TEMPO Interaktif, Bandung - Kementerian Pekerjaan Umum dan Tim Investigasi Nasional telah menemukan penyebab utama ambruknya Jembatan Mahakam II yang lebih dikenal sebagai Jembatan Tenggarong di Kutai Kartanegara, Kalimantan Timur, pada 26 November lalu.
Menurut anggota Tim Investigasi dari Institut Teknologi Bandung, Bambang Boediono, penyebab utamanya adalah masalah pada clamp (klem) atau pengait kabel gantung dengan kabel utama jembatan. “Masalah klem itu ternyata bom waktu. Kami akan cari tahu di mana awal masalahnya,” katanya kepada Tempo, Kamis, 15 Desember 2011.

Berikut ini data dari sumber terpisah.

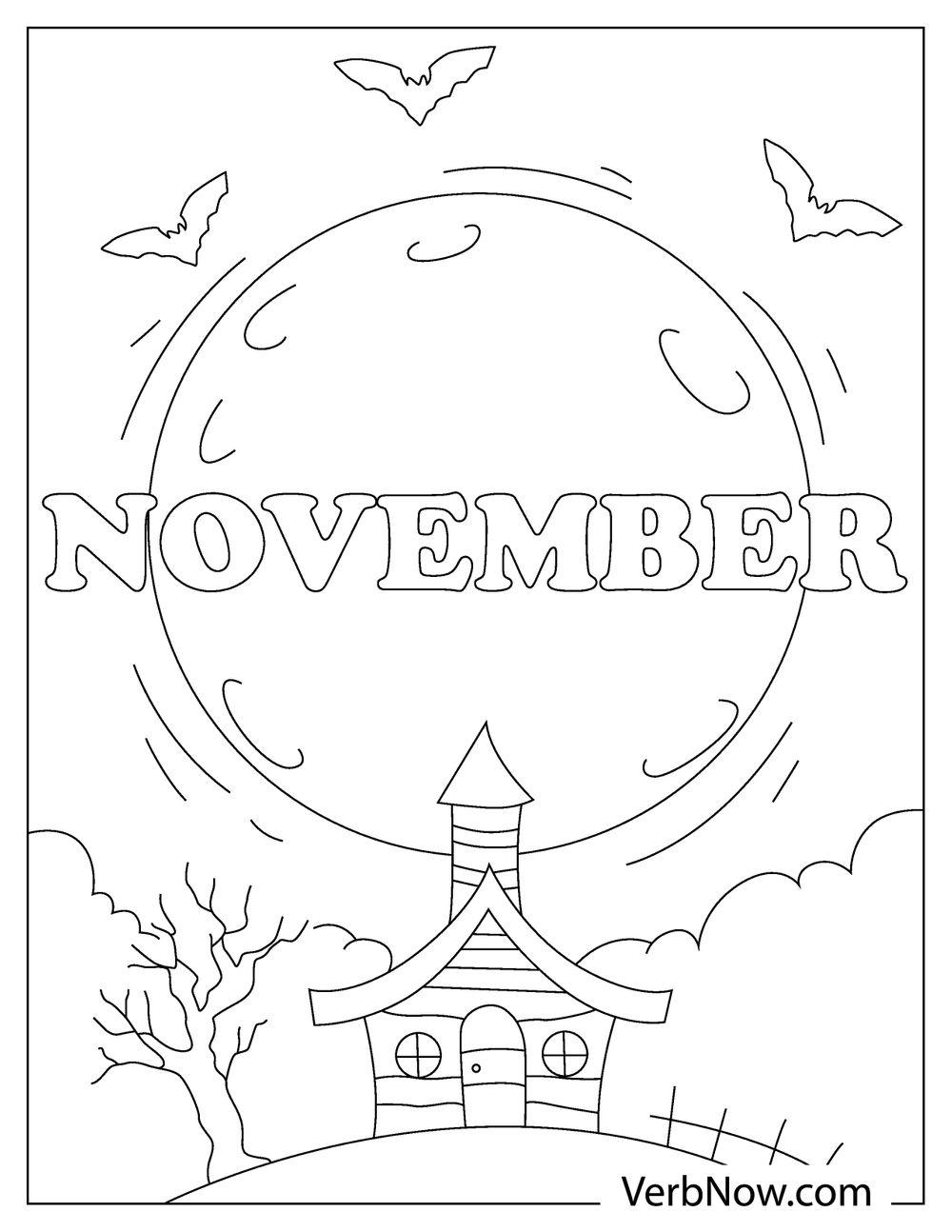 Free NOVEMBER Coloring Pages For Download Printable PDF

Petaka dipicu oleh klem nomor dua atau tiga dari menara (pylon). “Setelah clamp putus, jembatan langsung ambruk dalam waktu 20 detik,” ujar Bambang. Maka hari ini, pengusutan untuk mencari penanggung jawab kecelakaan itu mulai dilakukan. Fokus pengusutan dimulai dari pengait yang menjadi sumber bencana tadi. “Yang jelas, ada kesalahan teknis.”

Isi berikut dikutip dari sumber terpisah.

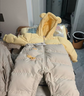 巴拉巴拉童装婴儿羽绒服连体衣宝宝冬装加厚保暖哈衣爬服萌趣造型 咖色小鸭子-白鸭绒 90 cm-充绒量90g起 实拍图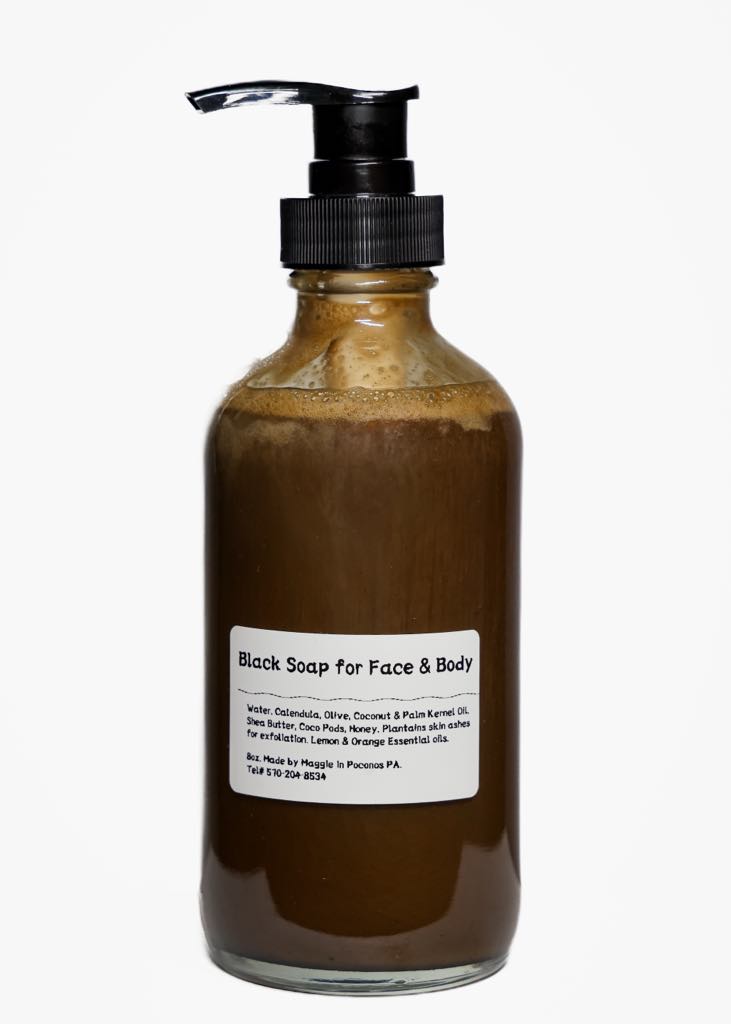 CONFIDENCE Anti-Aging Black Soap Face & Body Vit.C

Bambang menjelaskan, siang nanti akan diadakan rapat di kantor Kementerian Pekerjaan Umum yang dihadiri seluruh perencana, pembangun, dan pemelihara Jembatan Tenggarong bersama dengan konsultan masing-masing. Banyak yang harus diurai dari temuan Tim Investigasi Nasional yang terdiri para pakar dari Universitas Indonesia, Institut Teknologi Bandung, Universitas Gadjah Mada, dan Institut Teknologi 10 Nopember Surabaya.
Selama dua pekan terakhir, Bambang menerangkan, tim berada di lokasi reruntuhan jembatan untuk mencari bukti-bukti dan fakta. Tim Investigasi menemukan klem lain dalam kondisi sudah berkarat, banyak luka lama, dan retak rambut. “Klem itu buatan dalam negeri,” ujarnya.

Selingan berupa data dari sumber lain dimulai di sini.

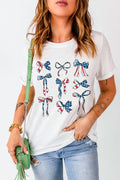 American Flag Bow Tee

Jembatan Tenggarong roboh pada 26 November sekitar pukul 16.00 waktu setempat. Ambruknya jembatan ini di jam-jam sibuk menewaskan lebih dari 20 orang, sementara puluhan lainnya luka-luka. Jembatan sepanjang 710 meter itu dibangun sejak 1995 dan diresmikan pada 2001 dengan biaya mencapai Rp 150 miliar.
Soal dugaan korupsi, menurut Bambang, Tim Investigasi Nasional tak akan membahasnya. Namun, hasil pengusutan bisa dikembangkan untuk mengetahui siapa yang harus bertanggung jawab. “Bisa saja ada beda spesifikasi klem dari perencanaan dengan pelaksanaan pembangunan jembatan.” katanya.